WHAT THE TASK ASKS:
Below is a block of entries; repeat exactly the lines starting at the line that contains "Miniatuur van Eurom" and ending at the line that contains "Spacious Living Room", both included.

[[ EXERCISE MATERIAL open ]]

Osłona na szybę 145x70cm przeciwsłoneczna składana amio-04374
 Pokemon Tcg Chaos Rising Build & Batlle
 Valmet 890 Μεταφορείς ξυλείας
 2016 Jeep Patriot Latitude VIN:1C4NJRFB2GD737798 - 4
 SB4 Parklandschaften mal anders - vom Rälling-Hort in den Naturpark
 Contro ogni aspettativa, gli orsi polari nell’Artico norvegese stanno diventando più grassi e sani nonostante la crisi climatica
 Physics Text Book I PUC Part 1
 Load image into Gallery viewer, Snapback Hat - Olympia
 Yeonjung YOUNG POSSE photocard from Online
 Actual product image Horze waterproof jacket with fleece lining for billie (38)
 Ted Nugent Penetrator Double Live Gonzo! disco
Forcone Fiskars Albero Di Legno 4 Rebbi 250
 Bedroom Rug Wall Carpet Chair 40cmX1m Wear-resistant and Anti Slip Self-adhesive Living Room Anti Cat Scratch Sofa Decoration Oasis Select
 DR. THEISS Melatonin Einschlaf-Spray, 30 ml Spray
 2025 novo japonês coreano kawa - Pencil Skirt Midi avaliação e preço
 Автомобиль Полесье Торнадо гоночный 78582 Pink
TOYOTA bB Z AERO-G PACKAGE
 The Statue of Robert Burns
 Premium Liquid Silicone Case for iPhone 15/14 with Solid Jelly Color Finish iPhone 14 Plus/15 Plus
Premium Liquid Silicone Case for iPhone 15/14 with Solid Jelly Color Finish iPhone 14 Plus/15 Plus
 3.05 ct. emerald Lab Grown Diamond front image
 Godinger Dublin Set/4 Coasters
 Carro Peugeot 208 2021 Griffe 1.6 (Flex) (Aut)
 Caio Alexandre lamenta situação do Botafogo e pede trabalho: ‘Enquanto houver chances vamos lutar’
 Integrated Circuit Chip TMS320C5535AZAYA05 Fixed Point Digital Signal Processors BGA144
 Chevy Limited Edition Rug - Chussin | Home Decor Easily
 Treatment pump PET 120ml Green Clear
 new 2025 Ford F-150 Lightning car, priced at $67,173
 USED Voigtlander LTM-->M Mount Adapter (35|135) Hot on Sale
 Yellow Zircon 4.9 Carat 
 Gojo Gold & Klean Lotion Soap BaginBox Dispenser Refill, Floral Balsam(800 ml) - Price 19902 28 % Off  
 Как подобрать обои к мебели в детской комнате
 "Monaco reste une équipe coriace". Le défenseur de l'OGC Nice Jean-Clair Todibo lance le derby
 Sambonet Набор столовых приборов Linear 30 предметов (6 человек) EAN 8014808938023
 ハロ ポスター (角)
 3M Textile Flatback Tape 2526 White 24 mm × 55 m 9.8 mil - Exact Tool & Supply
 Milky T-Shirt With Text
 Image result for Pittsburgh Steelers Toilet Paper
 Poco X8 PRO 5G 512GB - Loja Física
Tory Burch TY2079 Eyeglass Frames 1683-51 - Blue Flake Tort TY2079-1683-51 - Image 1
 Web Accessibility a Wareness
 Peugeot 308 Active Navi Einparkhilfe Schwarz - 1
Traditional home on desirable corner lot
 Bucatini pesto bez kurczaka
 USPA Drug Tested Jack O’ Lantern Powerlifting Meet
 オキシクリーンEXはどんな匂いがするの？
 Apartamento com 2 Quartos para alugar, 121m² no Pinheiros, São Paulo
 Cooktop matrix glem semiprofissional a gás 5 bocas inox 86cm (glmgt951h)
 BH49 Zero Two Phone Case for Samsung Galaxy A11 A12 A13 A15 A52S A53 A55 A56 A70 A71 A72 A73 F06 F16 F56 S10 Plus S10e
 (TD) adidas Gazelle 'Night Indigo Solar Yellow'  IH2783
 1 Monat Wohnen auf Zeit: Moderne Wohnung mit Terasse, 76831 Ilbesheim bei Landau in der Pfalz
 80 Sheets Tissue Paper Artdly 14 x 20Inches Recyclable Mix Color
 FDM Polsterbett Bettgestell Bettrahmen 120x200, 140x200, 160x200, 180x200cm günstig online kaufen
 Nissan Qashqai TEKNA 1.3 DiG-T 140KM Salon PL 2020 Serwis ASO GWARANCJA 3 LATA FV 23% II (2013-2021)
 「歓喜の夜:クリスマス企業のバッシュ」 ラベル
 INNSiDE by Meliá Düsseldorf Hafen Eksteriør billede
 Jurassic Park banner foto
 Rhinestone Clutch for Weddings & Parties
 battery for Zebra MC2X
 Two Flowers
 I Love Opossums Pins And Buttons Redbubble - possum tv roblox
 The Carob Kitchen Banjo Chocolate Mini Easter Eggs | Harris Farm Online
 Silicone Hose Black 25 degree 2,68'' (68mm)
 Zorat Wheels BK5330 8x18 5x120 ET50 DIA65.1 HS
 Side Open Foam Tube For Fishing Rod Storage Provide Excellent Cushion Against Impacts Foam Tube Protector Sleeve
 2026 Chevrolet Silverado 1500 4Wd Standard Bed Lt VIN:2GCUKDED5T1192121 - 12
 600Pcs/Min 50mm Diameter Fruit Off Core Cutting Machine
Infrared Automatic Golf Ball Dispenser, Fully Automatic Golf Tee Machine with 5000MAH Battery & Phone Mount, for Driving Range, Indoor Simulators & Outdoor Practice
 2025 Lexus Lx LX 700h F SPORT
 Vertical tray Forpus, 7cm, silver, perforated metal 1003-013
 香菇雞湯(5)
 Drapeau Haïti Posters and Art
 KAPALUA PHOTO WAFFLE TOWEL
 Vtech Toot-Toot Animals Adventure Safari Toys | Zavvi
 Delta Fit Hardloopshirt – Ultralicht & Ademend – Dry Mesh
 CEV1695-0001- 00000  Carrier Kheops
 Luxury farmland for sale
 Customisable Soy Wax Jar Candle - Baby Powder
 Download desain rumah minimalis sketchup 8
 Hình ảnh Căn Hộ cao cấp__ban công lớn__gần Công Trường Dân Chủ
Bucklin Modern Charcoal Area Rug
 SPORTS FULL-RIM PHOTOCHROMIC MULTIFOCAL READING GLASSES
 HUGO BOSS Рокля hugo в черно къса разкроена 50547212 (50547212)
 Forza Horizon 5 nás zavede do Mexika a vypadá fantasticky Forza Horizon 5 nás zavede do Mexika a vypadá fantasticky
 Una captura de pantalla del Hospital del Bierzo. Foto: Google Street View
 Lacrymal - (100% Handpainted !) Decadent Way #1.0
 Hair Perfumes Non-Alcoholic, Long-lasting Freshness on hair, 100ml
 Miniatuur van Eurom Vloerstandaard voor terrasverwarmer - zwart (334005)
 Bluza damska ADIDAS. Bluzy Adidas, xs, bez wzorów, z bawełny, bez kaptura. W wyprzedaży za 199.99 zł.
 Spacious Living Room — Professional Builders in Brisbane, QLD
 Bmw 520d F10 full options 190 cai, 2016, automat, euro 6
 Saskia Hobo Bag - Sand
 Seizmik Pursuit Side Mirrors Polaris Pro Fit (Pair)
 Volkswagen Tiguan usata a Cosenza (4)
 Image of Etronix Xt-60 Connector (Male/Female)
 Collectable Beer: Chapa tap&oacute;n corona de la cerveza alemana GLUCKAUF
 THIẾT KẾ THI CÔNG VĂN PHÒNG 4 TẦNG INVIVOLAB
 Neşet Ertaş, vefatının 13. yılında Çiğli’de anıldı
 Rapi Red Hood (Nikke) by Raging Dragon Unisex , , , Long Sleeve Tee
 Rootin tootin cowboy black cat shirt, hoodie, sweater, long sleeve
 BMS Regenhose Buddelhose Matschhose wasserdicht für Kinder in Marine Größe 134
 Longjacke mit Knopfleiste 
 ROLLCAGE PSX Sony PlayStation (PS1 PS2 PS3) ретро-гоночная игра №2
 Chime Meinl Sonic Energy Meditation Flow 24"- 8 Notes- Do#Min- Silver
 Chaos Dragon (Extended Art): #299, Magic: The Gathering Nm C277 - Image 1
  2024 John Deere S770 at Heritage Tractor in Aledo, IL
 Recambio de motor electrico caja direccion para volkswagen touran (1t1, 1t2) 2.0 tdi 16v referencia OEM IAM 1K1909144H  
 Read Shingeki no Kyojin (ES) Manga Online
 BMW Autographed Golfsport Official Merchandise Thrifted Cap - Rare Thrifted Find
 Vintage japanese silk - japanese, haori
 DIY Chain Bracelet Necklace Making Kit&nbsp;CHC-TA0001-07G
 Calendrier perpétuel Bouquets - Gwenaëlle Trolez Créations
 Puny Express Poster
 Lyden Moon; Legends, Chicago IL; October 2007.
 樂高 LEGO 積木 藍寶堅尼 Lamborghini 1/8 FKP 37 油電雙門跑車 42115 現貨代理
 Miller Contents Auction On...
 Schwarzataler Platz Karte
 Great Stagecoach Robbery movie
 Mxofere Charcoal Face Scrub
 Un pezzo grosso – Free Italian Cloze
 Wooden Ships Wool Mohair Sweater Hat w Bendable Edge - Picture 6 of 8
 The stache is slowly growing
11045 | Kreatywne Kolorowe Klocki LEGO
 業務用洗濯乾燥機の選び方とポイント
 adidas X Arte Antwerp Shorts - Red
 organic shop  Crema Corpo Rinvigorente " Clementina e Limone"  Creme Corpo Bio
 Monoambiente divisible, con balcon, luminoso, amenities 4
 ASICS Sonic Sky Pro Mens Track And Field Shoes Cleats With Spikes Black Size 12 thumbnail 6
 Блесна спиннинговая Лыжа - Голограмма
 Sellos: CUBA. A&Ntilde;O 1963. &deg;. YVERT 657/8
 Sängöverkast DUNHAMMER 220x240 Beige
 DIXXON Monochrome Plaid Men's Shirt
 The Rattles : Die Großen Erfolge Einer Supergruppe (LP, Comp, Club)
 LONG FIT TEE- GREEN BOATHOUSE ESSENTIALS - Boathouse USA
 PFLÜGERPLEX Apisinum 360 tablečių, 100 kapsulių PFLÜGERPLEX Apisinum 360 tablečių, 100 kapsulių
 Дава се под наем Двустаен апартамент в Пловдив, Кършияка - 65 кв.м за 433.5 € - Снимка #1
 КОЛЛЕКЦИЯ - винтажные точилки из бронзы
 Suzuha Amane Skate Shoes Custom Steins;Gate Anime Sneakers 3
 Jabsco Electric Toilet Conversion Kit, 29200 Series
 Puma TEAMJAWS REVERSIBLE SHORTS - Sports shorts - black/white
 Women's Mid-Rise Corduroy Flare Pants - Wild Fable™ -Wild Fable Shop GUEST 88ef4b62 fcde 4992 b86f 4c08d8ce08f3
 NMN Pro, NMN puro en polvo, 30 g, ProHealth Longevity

[[ EXERCISE MATERIAL closed ]]

WRITTEN RESPONSE:
 Miniatuur van Eurom Vloerstandaard voor terrasverwarmer - zwart (334005)
 Bluza damska ADIDAS. Bluzy Adidas, xs, bez wzorów, z bawełny, bez kaptura. W wyprzedaży za 199.99 zł.
 Spacious Living Room — Professional Builders in Brisbane, QLD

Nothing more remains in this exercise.